Premièrement, il y a le niveau social. Grâce à la mise en place d’un cadre par les travailleurs sociaux, les familles vont nourrir et faire grandir leur estime de soi, leur autonomie et leur capacité à socialiser, mais aussi à développer des projets et se mettre en action. Ensuite, au niveau psychologique, avec notamment les psychologues et les thérapeutes qui vont aider ces personnes à reconnaître leur état psychologique. Ces spécialistes peuvent les aider à identifier leurs troubles et traumatismes auxquels elles font face, à comprendre leur impact sur les processus de pensées, leurs émotions, leurs comportements, et enfin, à renforcer leur résilience.
Quels sont les outils utilisés ?
Chaque famille est unique dans son histoire, son fonctionnement et ses difficultés. Les outils sont l’écoute active, le génogramme, les cartes de forces et l’entretien motivationnel, entre autres. Nous travaillons sur les besoins et spécificités de chacun. Puis, il y a aussi les orientations utilisées, comme les thérapies cognitivo-comportementales, psychodynamiques et systémiques, entre autres.
Je dirais qu’il n’y a pas de recettes toutes faites, car chaque individu est différent et chaque famille est unique. Mais dans tous les cas, la méthode de case management est structurée, participative et responsabilisante. D’ailleurs, elle se fait sur une étroite collaboration entre la famille, le travailleur social et le psychologue pour assurer une cohérence et une continuité dans la prise en charge. Cela se fait à travers les observations in situ, la formulation d’hypothèses, l’identification d’objectifs clairs et précis qu’ils soient sociaux ou thérapeutiques ou encore la mise en place d’un plan d’action et d’une évaluation régulière des progrès des individus.
En quoi ne pas se faire accompagner peut ralentir le progrès de l’individu ?
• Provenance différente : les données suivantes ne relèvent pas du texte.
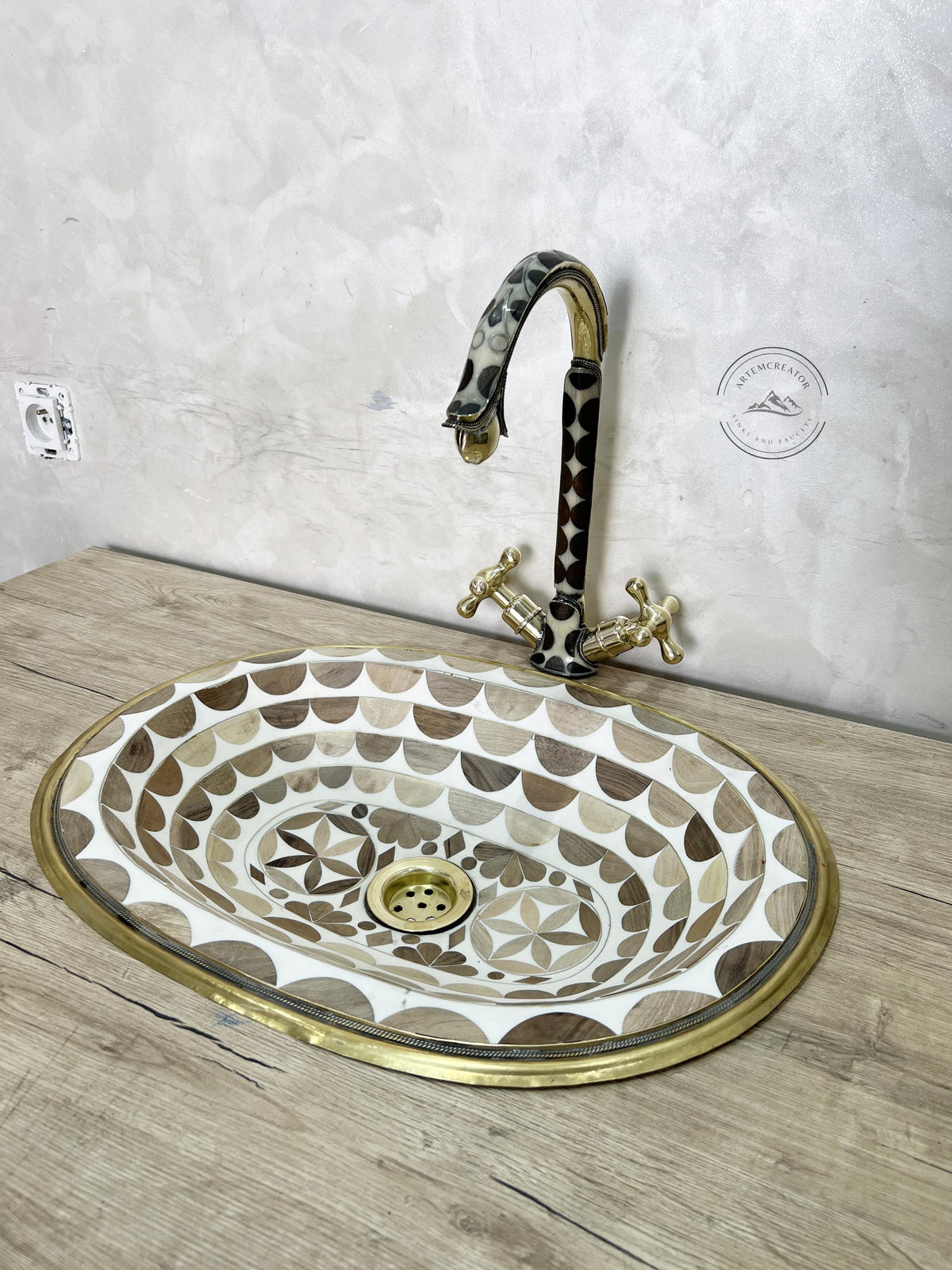 Handmade Brass Sink with Walnut Wood and Resin Inlay, Oval Bathroom Sink, Artisan Brass Vessel Basin + Free Pop-Up Drain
On peut avancer, mais moins vite et moins loin. Avec un accompagnement psychosocial approprié, les problématiques sont abordées en profondeur et les changements sont ancrés durablement et maintenus. Je dirais qu’un accompagnement psychosocial structuré par une équipe spécialisée permet d’éviter que les situations ne s’aggravent. D’ailleurs, nous avons constaté chez de nombreuses personnes que le progrès se fait plus rapidement dès que les problématiques sont identifiées et prises en charge. Cela concerne principalement les personnes souffrant de dépression ou celles victimes de violence et d’abus.
Parmi les nombreuses répercussions de la pandémie, on retrouve le chômage. En quoi, un soutien psychologique peut aider ?
Depuis le début la pandémie de la Covid-19, Lovebridge a renforcé sa cellule d’écoute et de soutien psychologique. Durant cette période, particulièrement anxiogène, nous maintenons nos efforts de communication auprès de nos familles bénéficiaires. Celles-ci sont particulièrement inquiètes par rapport à la situation économique et sanitaire. Nos objectifs principaux sont donc de les aider à faire face à cette nouvelle réalité afin d’aborder l’avenir de façon sereine. Nous nous assurons pareillement qu’elles continuent à avancer, surtout en cas de perte d’emploi. Nous avons aussi pensé aux enfants en les offrant un soutien psychologique pendant et juste après le confinement. Le but était de leur donner des outils pour mieux comprendre cette situation inédite et mieux gérer leur stress.
Combien de personnes ont bénéficié du soutien psychologique de Lovebridge ?
Au total pour l’année 2020, elles sont 395 personnes qui ont bénéficié des consultations individuelles avec l’équipe de psychologues et de thérapeutes de Lovebridge. Parmi, on retrouve 280 adultes et 115 enfants qui ont participé à environ près de 600 sessions. Nous avons aussi organisé et animé une trentaine d’ateliers à travers les différentes localités visant quelque 200 enfants, ainsi que des adolescents. Les thèmes abordés portaient sur l’estime de soi et la gestion des émotions.